Le fait d’avoir un plus grand nombre d’organisations impliquées dans la lutte contre l’antisémitisme autorise plusieurs approches du problème – l’éducation, la défense juridique, le renforcement de la communauté, l’alliance avec d’autres minorités et d’autres encore.
Le regain d’antisémitisme suscite le besoin d’approches renouvelées. Il y a de cela quinze ans, lorsque Rosenfeld a ouvert son institut pour l’étude de l’antisémitisme à l’Université de l’Indiana, il n’y avait qu’un seul autre programme de ce type aux États-Unis, à l’Université de Yale, ajoute-t-il. « Depuis le 7 octobre, il y a eu beaucoup d’importantes collectes de fonds en faveur de programmes similaires, dans d’autres universités », souligne-t-il.
Gross modo, poursuit Foxman, quatre grandes organisations mènent la bataille contre l’antisémitisme aux États-Unis – l’ADL, l’AJC, la Conference of Presidents of Major Jewish Organizations [NDLT : Conférence des présidents des principales organisations juives] et les Jewish Federations of Northern America, sans compter toutes les nouvelles organisations « à enjeu unique » créées ces dernières années en réponse au regain d’antisémitisme. Dans d’autres pays, des organisations représentent les besoins des communautés juives locales.
Récemment, une constellation de petites organisations ont vu le jour, pas toutes avec des objectifs clairs ou réalistes. Certaines travaillent essentiellement sur les réseaux sociaux ou sur des créneaux bien spécifiques qu’elles estiment peu investis.
Rosenfeld évoque ces petites organisations qui, selon lui, font un très bon travail sur les campus américains – c’est le cas de l’Initiative Amcha, du Brandeis Center ou de l’Academic Engagement Network -, sans oublier l’action du Combat Antisemitism Movement dans des domaines non pris en charge par ailleurs, comme par exemple l’action avec les maires de plusieurs villes pour lutter contre la haine dans les centres urbains.

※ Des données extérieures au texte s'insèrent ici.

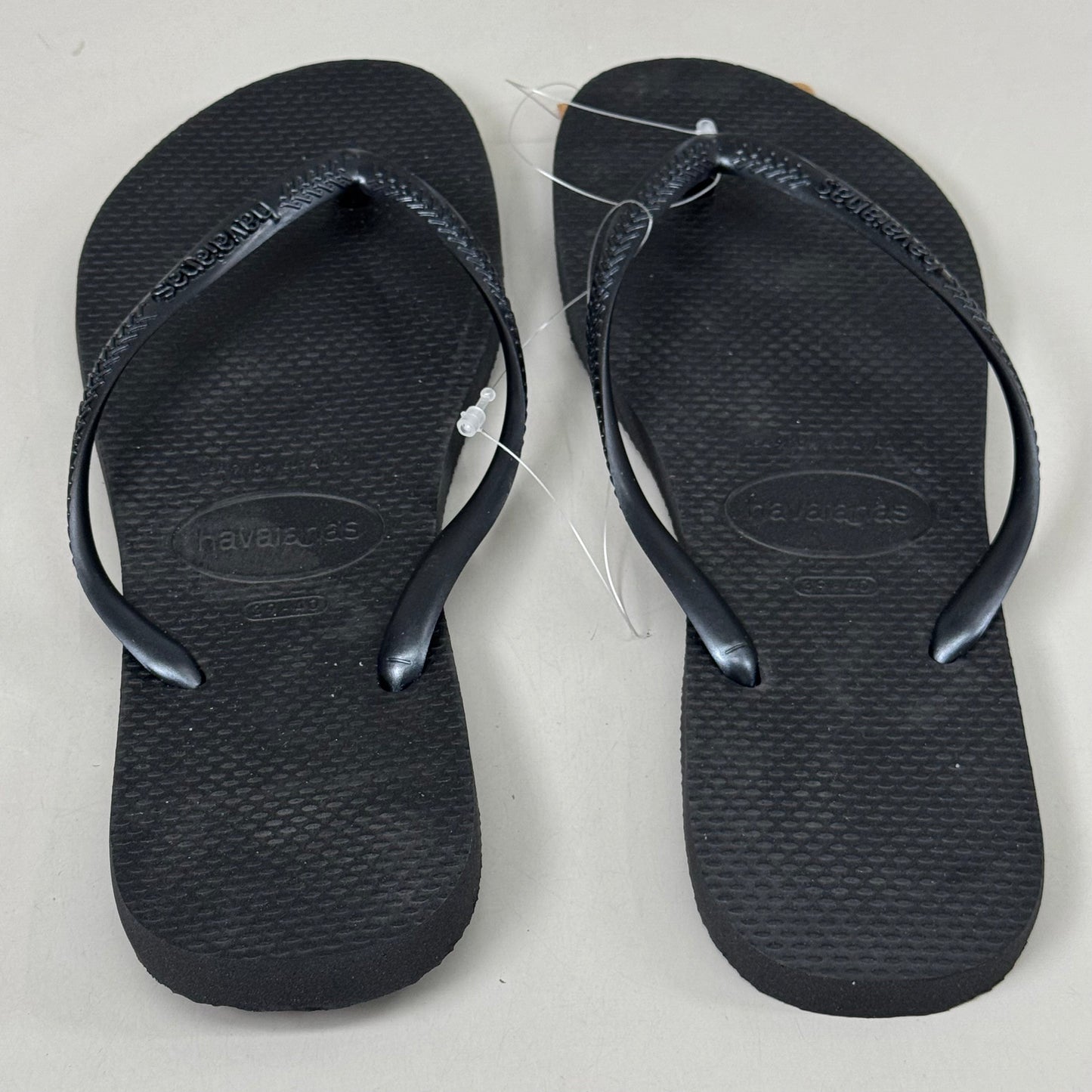 ZA@ HAVAIANAS High Quality Rubber Slim Flip Flops Non-Slip Women's 9/10 Black 400030 D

Aucune des sources avec lesquelles le Times of Israel s’est entretenu n’a ouvertement parlé de l’inefficacité de telle ou telle organisation, mais toutes s’accordent à dire qu’il y a de plus en plus de travail pour collecter et interpréter les chiffres.
« De combien de rapports avons-nous besoin pour dire à quel point les choses vont mal ? » esquisse Foxman dans un haussement d’épaules.
Les temps changent
Au-delà du traumatisme lié à ce regain d’antisémitisme, souligne Foxman, l’une des raisons pour lesquelles tant de nombreuses nouvelles organisations ont vu le jour est que depuis le 7 octobre, les Juifs hésitent de moins en moins à critiquer la manière dont les organisations juives établies gèrent les retombées de l’attaque.
Ces 60 dernières années, des organisations comme l’ADL ont lutté contre l’antisémitisme en utilisant une stratégie d’endiguement, analyse Foxman. « Il était entendu que l’antisémitisme ne pouvait être éradiqué, mais qu’il était possible de prendre des mesures pour le contenir et prévenir toute conséquence négative. »
Dans les années 1980, lorsque Foxman a pris la tête de l’ADL, le paysage au sein duquel évoluaient les organisations juives aux États-Unis était beaucoup plus simple et les Juifs américains étaient, dans l’ensemble, bien acceptés par la société, poursuit-il.
« À mes débuts, même si nous n’appréciions pas les autres organisations – seulement parce que nous nous étions en concurrence vis-à-vis des donateurs -, nous travaillions toujours ensemble », rappelle Foxman. « Il y avait moins d’une dizaine de grosses organisations et nous nous étions plus ou moins répartis les questions. Chacun avait son expertise et nous travaillions ensemble lorsqu’un problème se présentait, comme ce fut le cas avec les Juifs soviétiques ou les Juifs éthiopiens. »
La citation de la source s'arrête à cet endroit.